- Directed by: Etienne Glaser
- Screenplay by: Astrid Lindgren
- Based on: Kalle Blomkvist, Nisse Nöjd och Vicke på Vind by Astrid Lindgren
- Produced by: Bo Billtén
- Music by: Sten Carlberg
- Release date: 1966;
- Running time: 66 minutes
- Country: Sweden
- Language: Swedish

= Mästerdetektiven Blomkvist på nya äventyr =

1966 film by Etienne Glaser

Mästerdetektiven Blomkvist på nya äventyr is a 1966 Swedish film about Kalle Blomkvist, directed by Etienne Glaser and written by Astrid Lindgren. It is based on the play Kalle Blomkvist, Nisse Nöjd och Vicke på Vind.

==Plot==
The White Rose (Kalle, Anders, Eva-Lotta) and the Red Rose (Sixten, Benka, Jonte) are fighting for a magical stone, called the Stormumriken.

One day Kalle and Sixten test their strengths and fight against each other, while Anders, Eva-Lotta, Benka and Jonte are watching and cheering. Policeman Rudolf Rask comes by and interrupts the fight. He tells the teenagers to stop fighting and the friends disappear.

Later, Rask talks to Kalle's rich aunts Hilda and Hulda Krikonblad.
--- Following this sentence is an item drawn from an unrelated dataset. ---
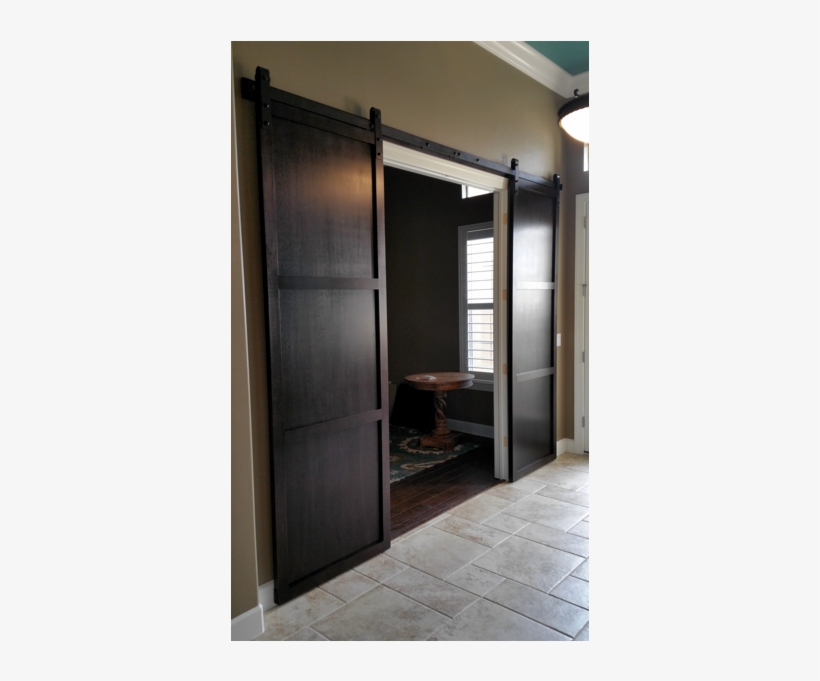 Dark Brown Sliding Barn Door - Interior Barn Door Scottsdale, transparent png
He promises to make sure the sisters are safe.

When the sisters are looking at a shop window, Kalle pranks them by knotting their ropes together. Hulda laughs when she realizes what the teenagers have done. Hilda however reacts differently, and she calls for the police officer Rask. After unsuccessfully trying to catch Kalle, Rask brings Hilda back home.
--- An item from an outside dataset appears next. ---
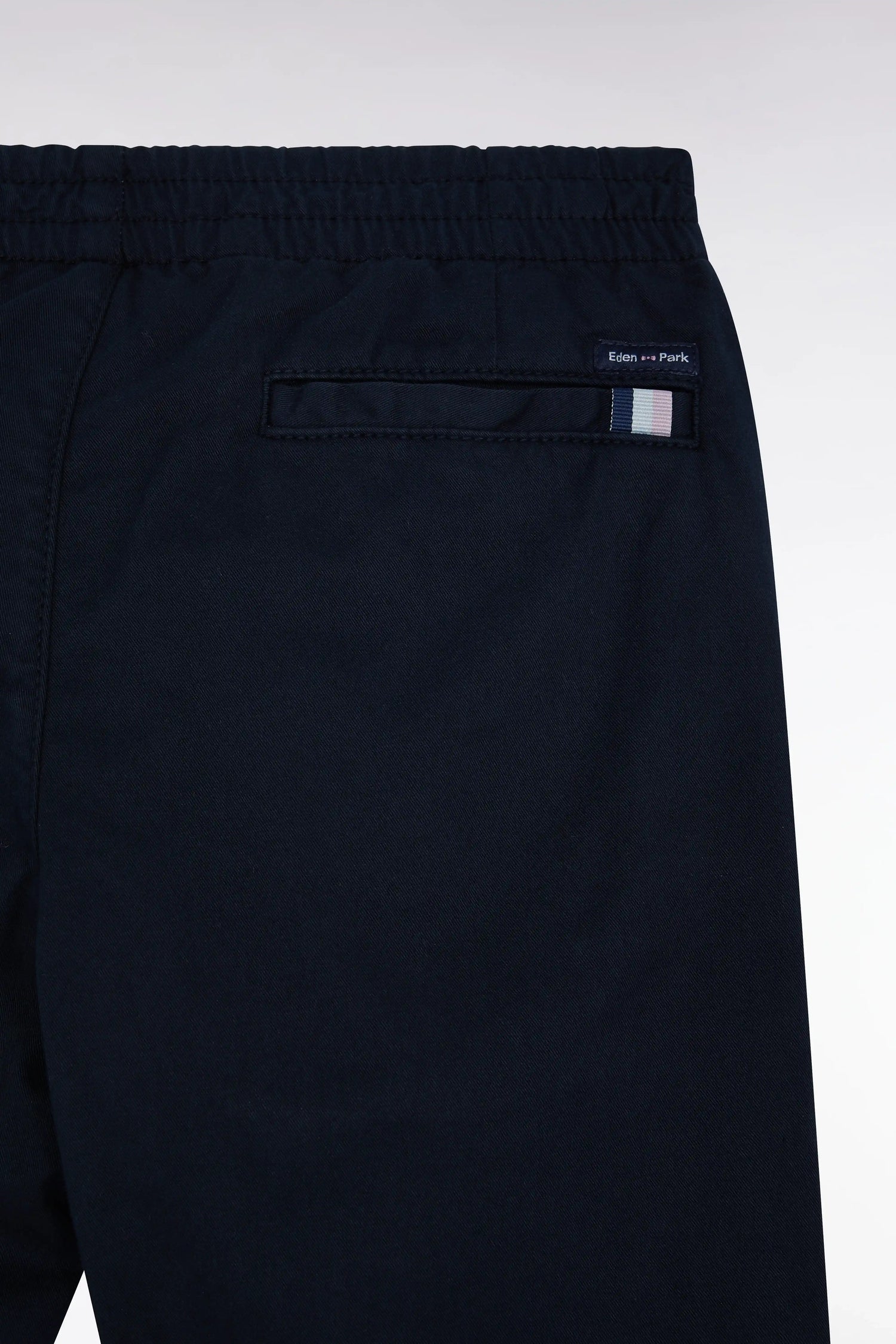 Eden Park_0_Wrinkle-Free Chinos in Navy Stretch Cotton - a Shooter_H25BAS0C0001_BLF_02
A short time later, the musicians Vicke and Nisse sing in front of the house of the sisters. Nisse plays the guitar while Vicke plays the accordion. Hulda wants to give some money to the musicians, but Hilda is annoyed by the sound of the music. She yells at Vicke and Nisse and tells them to stop immediately. The White Rose and the Red Rose observe the whole thing and laugh with the musicians about Hilda's behavior. Then the teenagers say goodbye.

The musicians however are out of money, and they do not know where to get any new money. Then Nisse has an idea: he wants to kidnap Hulda and extort a lot of money for her release, which is supposed to happen that night.
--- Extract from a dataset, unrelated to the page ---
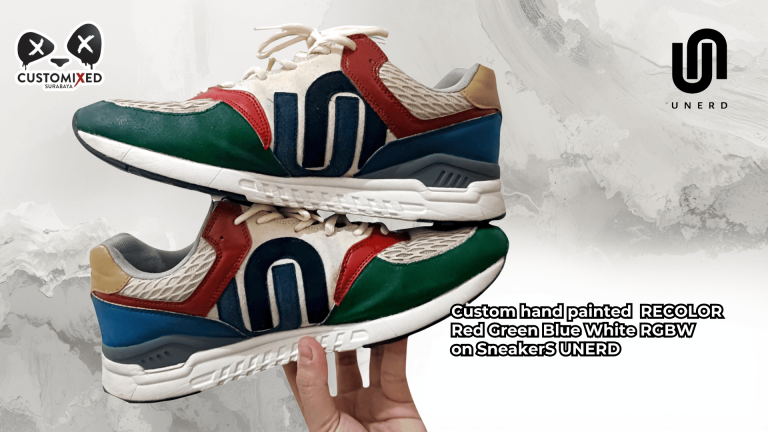 Red Green Blue Custom Recolor UNERD Sneakers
The two musicians sneak into the apartment of the sisters and break in, but instead of kidnapping the kind Hulda they kidnap the tough Hilda. They wrap her into a blanket and carry her out, but they are observed by Kalle. The next day not only Hilda is gone, but Kalle is missing as well.

Hulda receives a blackmailer letter. She is asked to pay a lot for the release of her sister. She reads the letter to the White and Red Rose. The teenagers try to help Hulda with their own pocket money.

Meanwhile, Hilda and Kalle are locked up in a small house by the criminals. While Kalle writes into his notebook, Hilda is angry, throws the dishes on the floor and complains. The criminals are annoyed by her complaining.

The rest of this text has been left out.